Ce fut le même Raymond, qui s'étant déclaré protecteur des Albigeais, fut poursuivi par le pape Innocent III. qui donna le comté de Toulouse à Simon de Montfort, général des catholiques, du consentement de Philippe Auguste : Raymond, abandonné par le roi son seigneur féodal, reconnut un autre seigneur ou souverain, qui fut Pierre roi d'Aragon, à qui le comte fit foi et hommage. C'est-là l'origine du droit que les Aragonais prétendaient sur le comté de Toulouse, auquel ils renoncèrent par la transaction passée entre S. Louis et Jacques roi d'Aragon, l'an 1258.

Simon de Montfort ne put se maintenir dans sa conquête, de sorte que son fils Amaury céda ses droits à Louis VIII. père de S. Louis. Raymond le jeune, fils et successeur de Raymond le vieux, fit sa paix avec le roi de France, et transigea l'an 1228 avec S. Louis. Par ce contrat, la princesse Jeanne, fille de Raymond, fut accordée avec Alfonse, comte de Poitiers, et frère du roi. On convint que Jeanne succéderait aux états de son père, et qu'en cas qu'elle ou son mari vinssent à mourir sans enfants mâles, le tout serait réuni à la couronne.

Raymond mourut l'an 1249, et eut pour successeur sa fille Jeanne et son gendre Alfonse, qui finirent leurs jours l'un et l'autre, peu après la mort de S. Louis, l'an 1270, après quoi le roi Philippe le hardi prit possession du comté de Toulouse, et le réunit à la couronne.

Il y avait dans l'ancienne Toulouse un amphithéâtre, un capitole, et plusieurs autres monuments superbes ; mais les Visigoths, nation barbare, ayant choisi Toulouse pour être la capitale de leur empire, ruinèrent tous ses beaux monuments de fond en comble, en sorte qu'il n'en reste d'autres vestiges, que quelques masures de l'amphithéâtre.

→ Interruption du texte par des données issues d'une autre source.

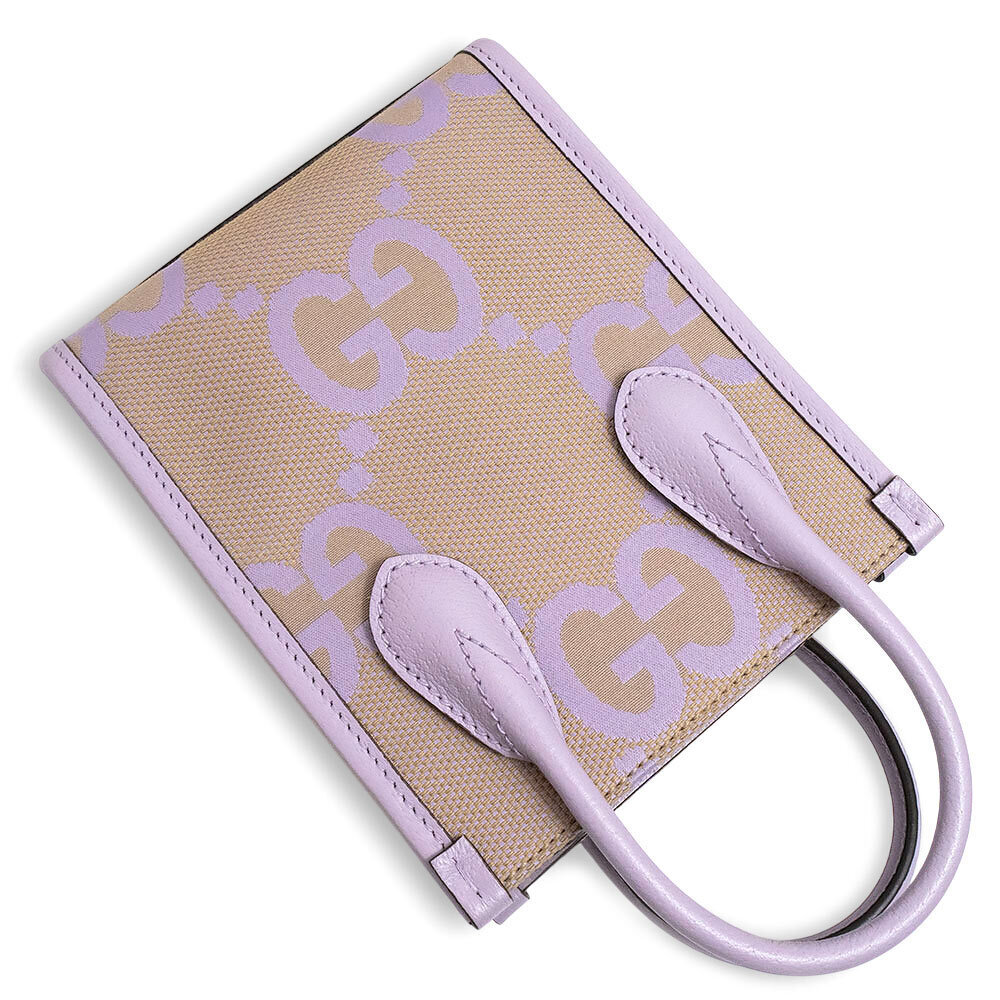 Gucci Tote Shoulder Handbag Crossbody Jumbo GG Canvas Leather Purple Beige - Picture 6 of 10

Quoiqu'il n'y ait point de ville dans le royaume plus avantageusement située pour le commerce que Toulouse, il ne s'y en fait cependant presqu'aucun. Le génie des habitants les porte quand ils sont aisés, à acquérir des charges de robe, ou à viser au capitoulat ; de-là vient que Toulouse, une des plus grandes villes du royaume, est une des plus pauvres et des plus dépeuplées. Il y a présidial, sénéchaussée, hôtel des monnaies, généralité, parlement et université, mais tous ces beaux titres ne l'enrichissent pas ; son académie est comme du temps des troubadours ; ses prix consistent dans une amaranthe d'or, une églantine, une violette, et un souci d'argent. Son évêché fut érigé en archevêché par le pape Jean XXII. et c'est un bénéfice de 80 mille livres de rente.

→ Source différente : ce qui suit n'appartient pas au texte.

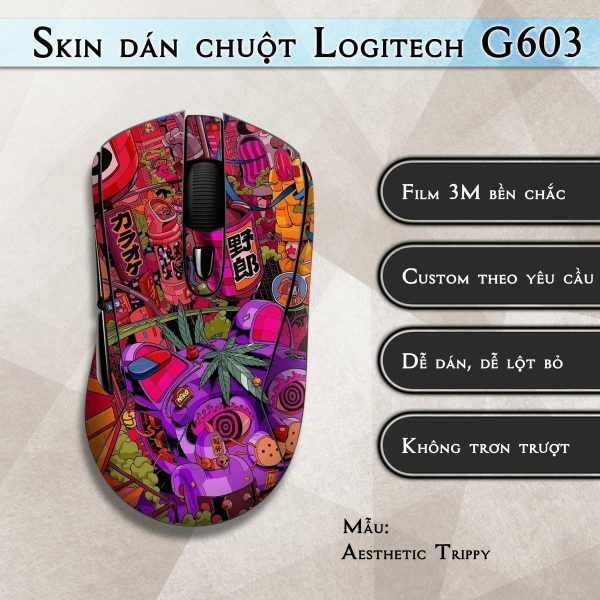 Skin dán chuột Logitech G603 mẫu Aesthetic Trippy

Sous Raymond V. comte de Toulouse, s'éleva dans cette ville un tribunal d'inquisition, au sujet de l'hérésie des Albigeais, et bien-tôt ce tribunal fit trembler par sa rigueur les personnes mêmes les plus innocentes ; le soulevement fut si grand, qu'on fut obligé de l'abolir ; mais ce qu'il y a de singulier, c'est qu'il en reste des vestiges ; car d'un côté M. de Montchal, archevêque de Toulouse, se fit attribuer le droit d'examiner si dans l'élection des capitouls, il n'y a personne qui soit suspect d'hérésie ; et de l'autre les dominicains continuent de faire pourvoir par le roi un religieux de leur ordre de l'office d'inquisiteur de Toulouse, parce qu'il y a quelques gages attachés à cette charge, qui par bonheur n'est aujourd'hui qu'un vain titre sans fonction.

On peut lire sur Toulouse l'abbé de Longuerue, Piganiol, description de la France, Nicol Bertrand des gestes des Toulousains, et mieux encore la Faille annales de Toulouse, ainsi que l'histoire de cette ville, qu'on y a imprimée en 1759 in-4°.

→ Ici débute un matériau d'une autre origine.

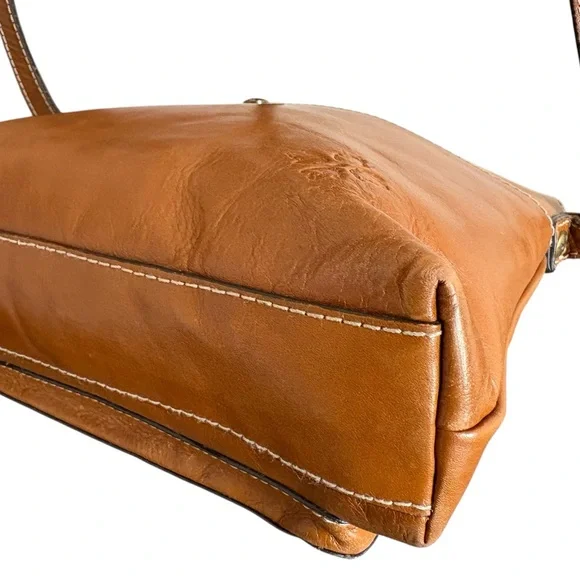 Patricia Nash Avellino Crossbody Organizer Heritage Brown Tan Leather Bag Purse - Picture 6 of 10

Long. suivant de la Hire, 18. 11. 30. suivant Lieutaud, des Places et Cassini, 18. 56. 30. lat. suivant de la Hire, 43. 30. suivant Lieutaud, des Places et Cassini, 43. 37.

Je n'entrerai dans aucune description de Toulouse moderne, ayant à parler des hommes illustres dans les armes et dans les lettres, à qui cette capitale du Languedoc a donné la naissance, et dont on voit les bustes en marbre dans l'hôtel de ville. Je commence par Antonius, auquel je m'arrêterai quelque temps, à cause du grand rôle qu'il a joué dans le monde.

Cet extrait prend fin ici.